DATA EXCERPTS Start Marker

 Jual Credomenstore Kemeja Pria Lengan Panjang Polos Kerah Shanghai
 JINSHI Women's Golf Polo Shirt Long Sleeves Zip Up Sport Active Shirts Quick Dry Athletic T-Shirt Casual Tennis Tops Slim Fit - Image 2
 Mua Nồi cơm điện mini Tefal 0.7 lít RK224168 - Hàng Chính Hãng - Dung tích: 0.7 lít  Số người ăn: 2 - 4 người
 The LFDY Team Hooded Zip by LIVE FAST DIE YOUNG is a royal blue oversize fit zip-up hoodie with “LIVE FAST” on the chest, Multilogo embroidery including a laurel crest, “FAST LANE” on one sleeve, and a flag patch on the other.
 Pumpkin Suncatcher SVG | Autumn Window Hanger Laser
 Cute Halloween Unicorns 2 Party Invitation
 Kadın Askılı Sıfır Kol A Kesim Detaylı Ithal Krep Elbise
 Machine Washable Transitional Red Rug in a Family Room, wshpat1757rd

DATA EXCERPTS End Marker

*EXERCISE GOAL:* Set down again, word for word, the stretch of records from the line with "Mua Nồi cơm" to the line with "Pumpkin Suncatcher SVG", both of those lines included.

*WRITTEN RESPONSE:*
 Mua Nồi cơm điện mini Tefal 0.7 lít RK224168 - Hàng Chính Hãng - Dung tích: 0.7 lít  Số người ăn: 2 - 4 người
 The LFDY Team Hooded Zip by LIVE FAST DIE YOUNG is a royal blue oversize fit zip-up hoodie with “LIVE FAST” on the chest, Multilogo embroidery including a laurel crest, “FAST LANE” on one sleeve, and a flag patch on the other.
 Pumpkin Suncatcher SVG | Autumn Window Hanger Laser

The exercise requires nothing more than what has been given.